--- WORKING DATA Enclosed Below ---
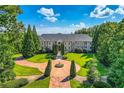 Grand estate home with circular driveway and fountain at 9620 Cedar Grove Rd, Chattahoochee Hills, GA 30213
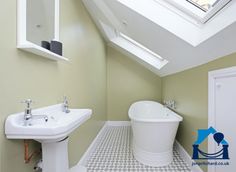 a white bath tub sitting under a skylight next to a sink and toilet in a bathroom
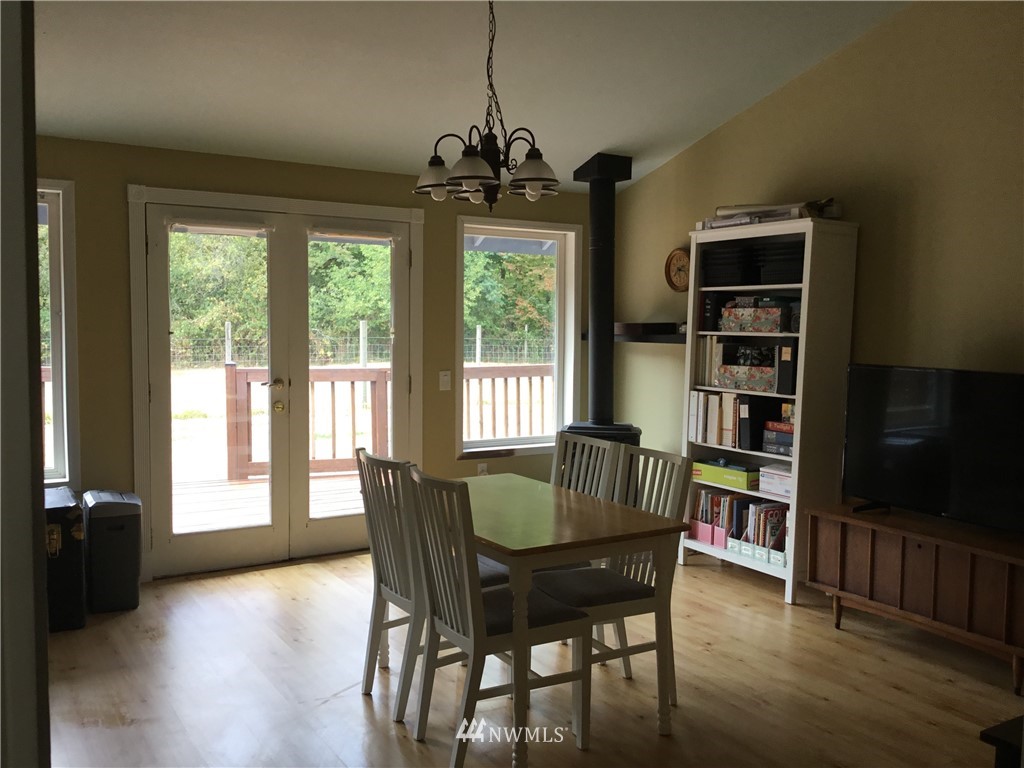 11221 180th Lane Southwest Rochester, WA 98579 - Photo 10 of 24 a dining room with furniture window and wooden floor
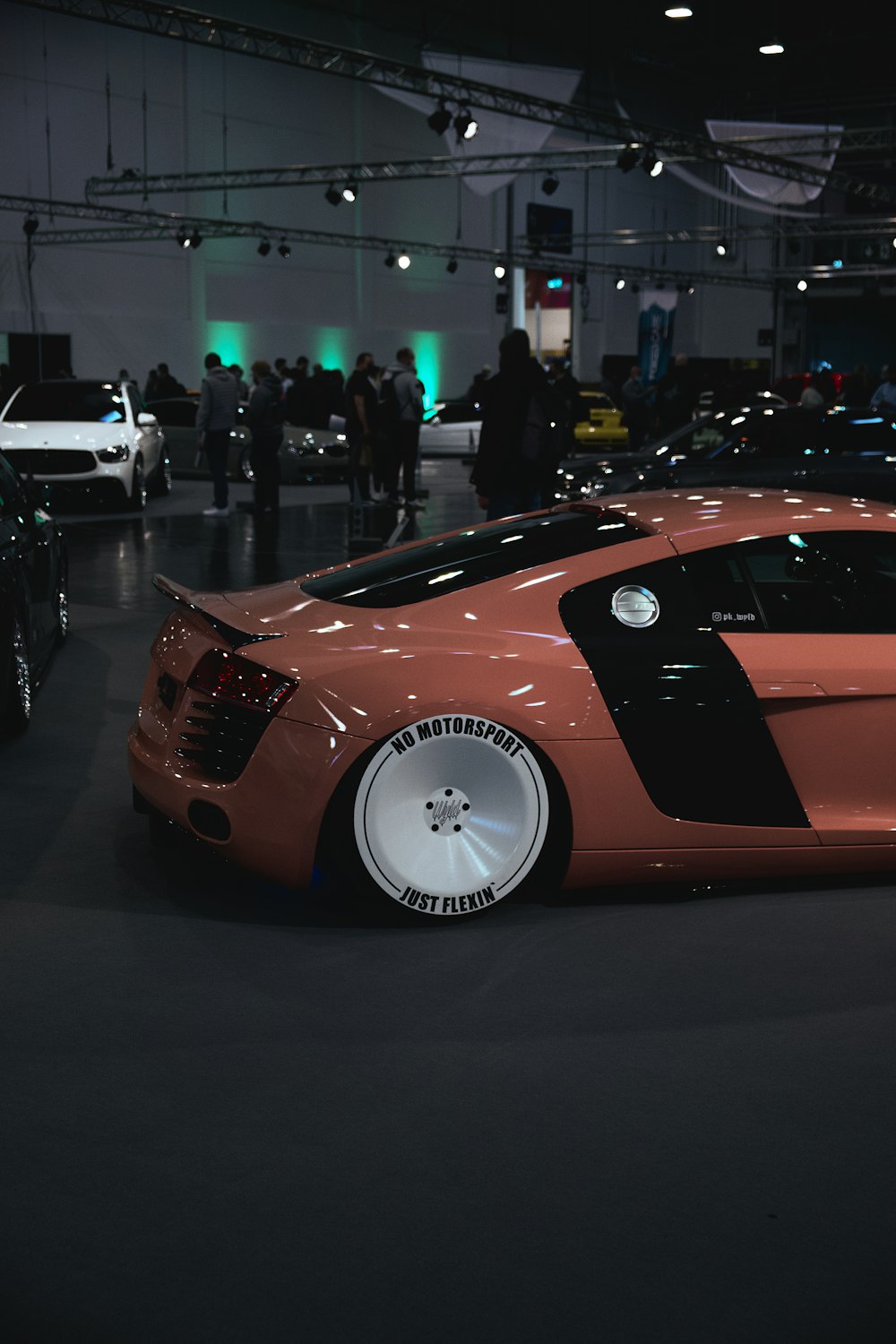 a very nice looking car in a big room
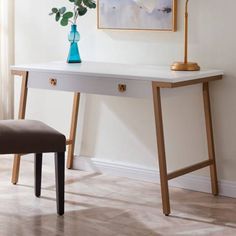 a white desk with a blue vase sitting on top of it next to a chair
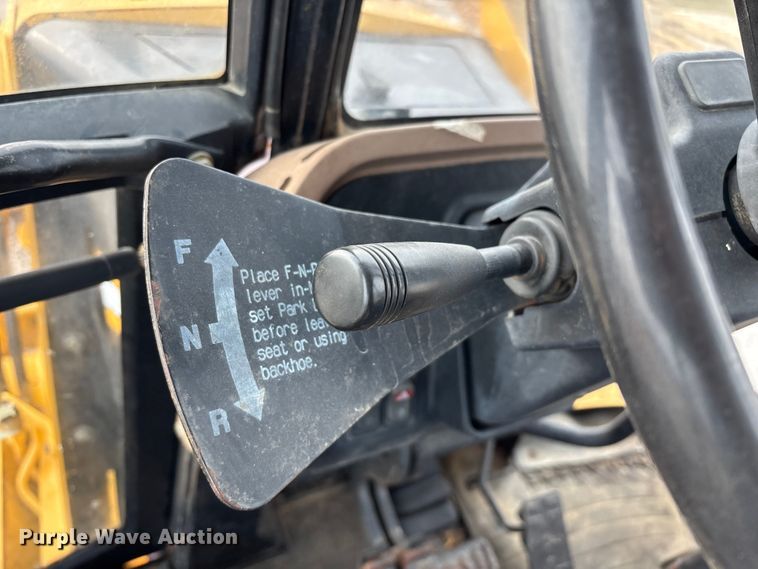 image for item ED2444 1999 John Deere 310E backhoe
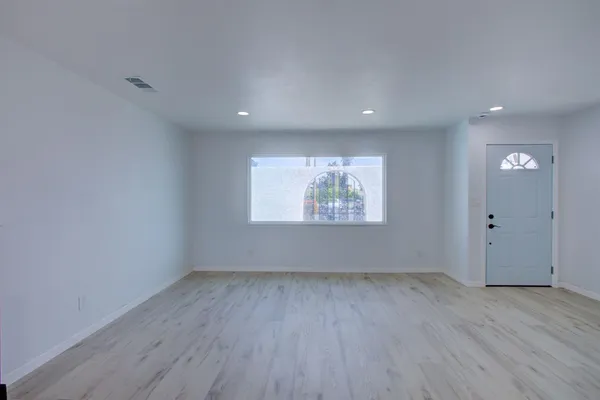 an empty room with wooden floor and windows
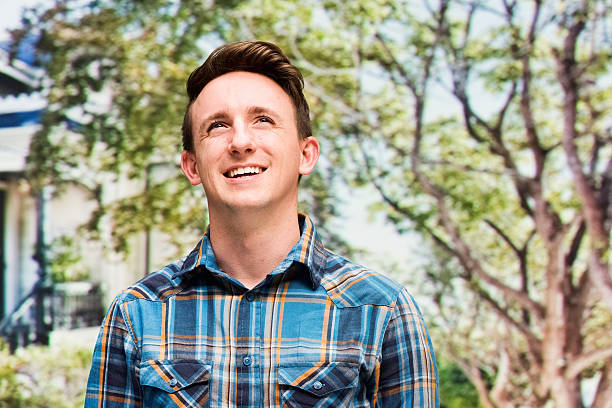 istock Cheerful casual man outdoors and looking away 473683894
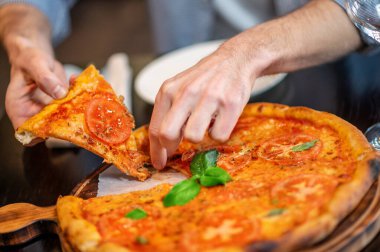 Bir dilim pizza alan adamın ellerini yakın plan çek.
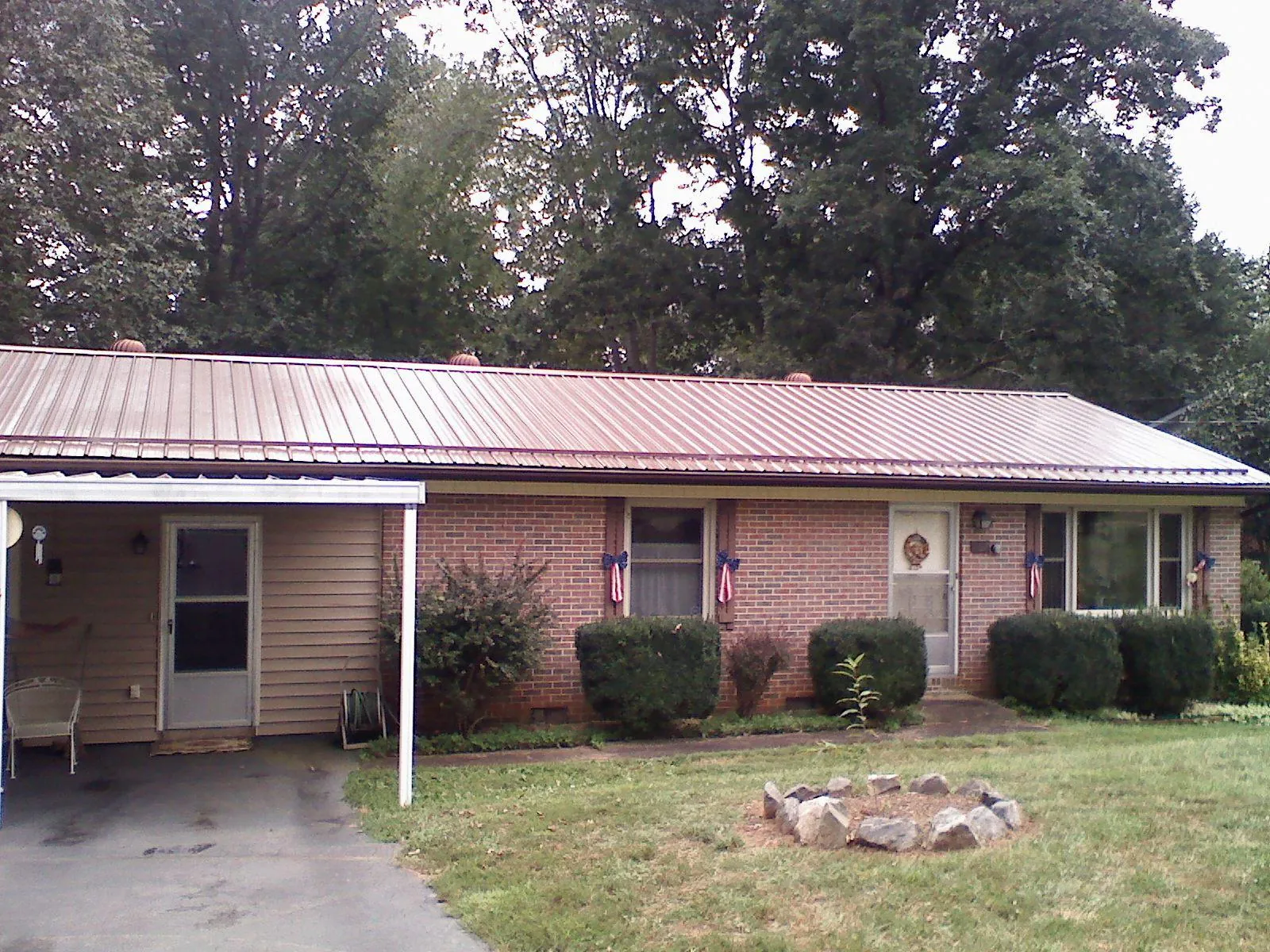 Bronze metal roof and carport on a brick ranch home — Roof Repair work by our crew in Letts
--- End of Enclosed WORKING DATA ---
> WHAT THE EXERCISE ASKS: Leaving out the pictures, please transcribe exactly the lines from the one that holds "a white bath" through the last line of the entries above, both included.

> WRITTEN SOLUTION:
 a white bath tub sitting under a skylight next to a sink and toilet in a bathroom
 11221 180th Lane Southwest Rochester, WA 98579 - Photo 10 of 24 a dining room with furniture window and wooden floor
 a very nice looking car in a big room
 a white desk with a blue vase sitting on top of it next to a chair
 image for item ED2444 1999 John Deere 310E backhoe
 an empty room with wooden floor and windows
 istock Cheerful casual man outdoors and looking away 473683894
 Bir dilim pizza alan adamın ellerini yakın plan çek.
 Bronze metal roof and carport on a brick ranch home — Roof Repair work by our crew in Letts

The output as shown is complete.